Что же – перед нами человек действия, роскошный, яростный и непредсказуемый, как удар молнии, который описывает автор, скромный и незаметный, подобный сове, подчас сам до глубины души пораженный выходками своего героя; сразу и не подумаешь, что у автора и героя – одна шкура на двоих. В «Царстве Страха» полно приключений этой странной парочки – чего стоит хотя бы тот случай, когда Хантер в два часа ночи приехал к дому своего старого друга Джека Николсона на джипе, доверху набитом фейерверками, шутихами и прочей атрибутикой розыгрыша, намереваясь очаровать сердца его детей: «помимо кровоточащего лосиного сердца, в машине лежал огромный динамик, магнитофонная пленка с записью визга поросенка, заживо поедаемого медведями, фонарь мощностью 1000000 ватт, полуавтоматический девятимиллиметровый пистолет «смит-и-вессон» с рукояткой из тикового дерева. Кроме того, в машине лежала парашютная сигнальная ракета мощностью 40 миллионов свечей, способная на 40 секунд осветить всю долину, да так, что зарево видели бы и за 40 километров». Когда оказалось, что дети Николсона вовсе не рады припасенным для них гостинцам, да еще в два часа ночи, Хантер, по собственному признанию, «почувствовал, что им пренебрегают». Но все-таки прислонил огромное кровоточащее лосиное сердце к двери, хотя ему и не открывали на звонки. «К чему впадать в негатив?» – говорит он обычно в таких ситуациях.
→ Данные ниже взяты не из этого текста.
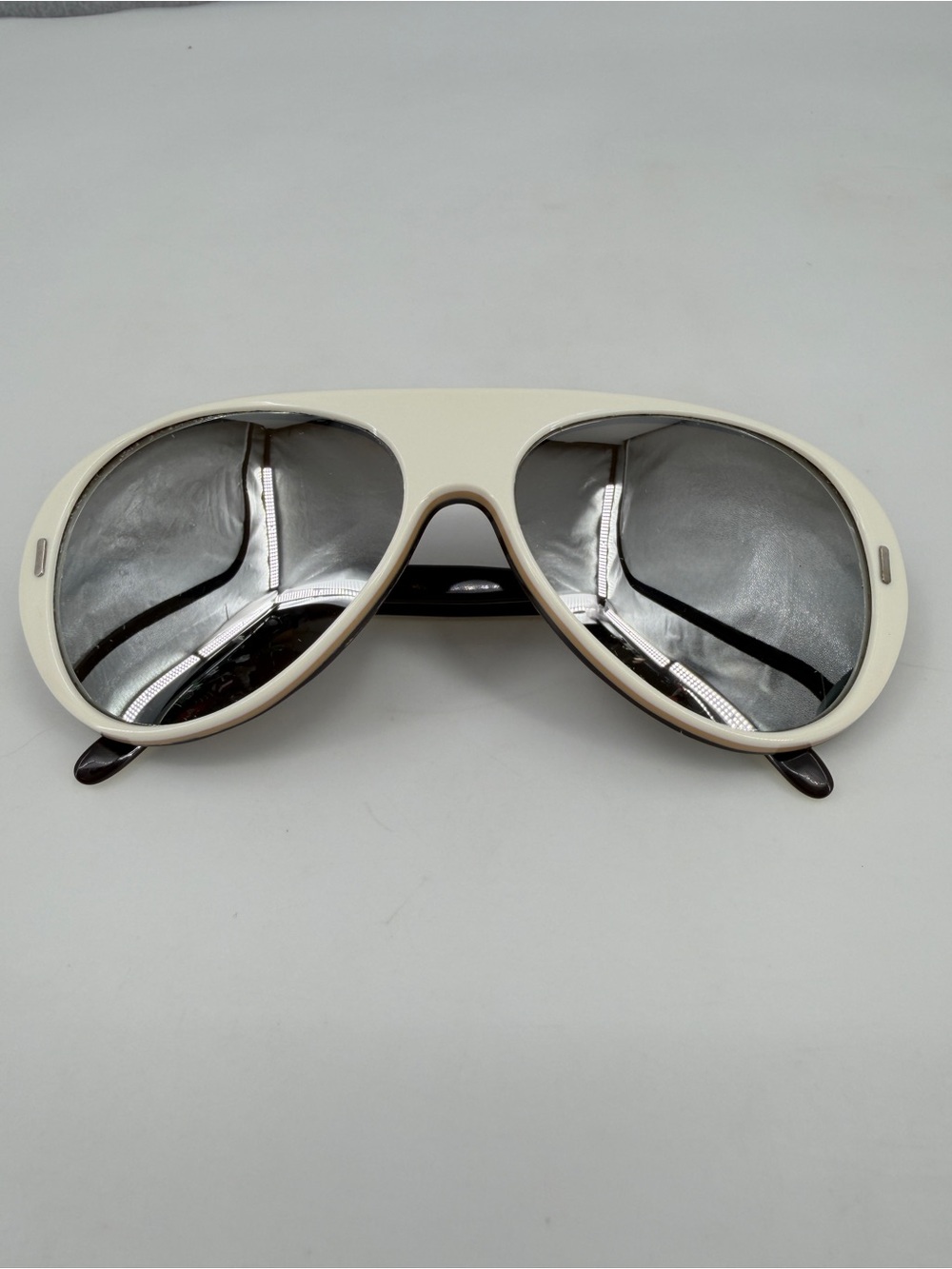 Vintage Ski Glacier Aviator Sunglasses Mirrored Lenses White France 70's 80’s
А ведь если убавить цвет и приглушить звук, именно негатив – наше обычное состояние. Мы что-то делаем, сами толком не зная почему, и подчас только и можем, что удивляться последствиям: мы идем из ниоткуда в никуда. Роберт Фрост как-то написал, что мы танцуем по замкнутому кругу, предполагая себе что-то там, в то время как разгадка ждет нас в самом центре. Хантер танцует с нами, но вместо того, чтобы что-то там предполагать, он просто не делает вида, что знает отгадку, ту самую, что в центре. Джозеф Конрад написал в предисловии к «Черному Нарциссу», книге, сильно повлиявшей на молодого Хантера («Книга что надо, – говорил он. – На ее героя мне долгое время хотелось быть похожим, он высоко поднял планку»), буквально следующее: «Моя цель – при помощи печатного слова заставить вас слышать, заставить вас чувствовать… заставить вас видеть», подарить «отвагу, утешение, страх, шарм – все, что потребуете, и, возможно, даже показать отблеск истины, о которой вы совсем забыли спросить». Думаю, Хантер вполне мог бы подписаться под этими словами.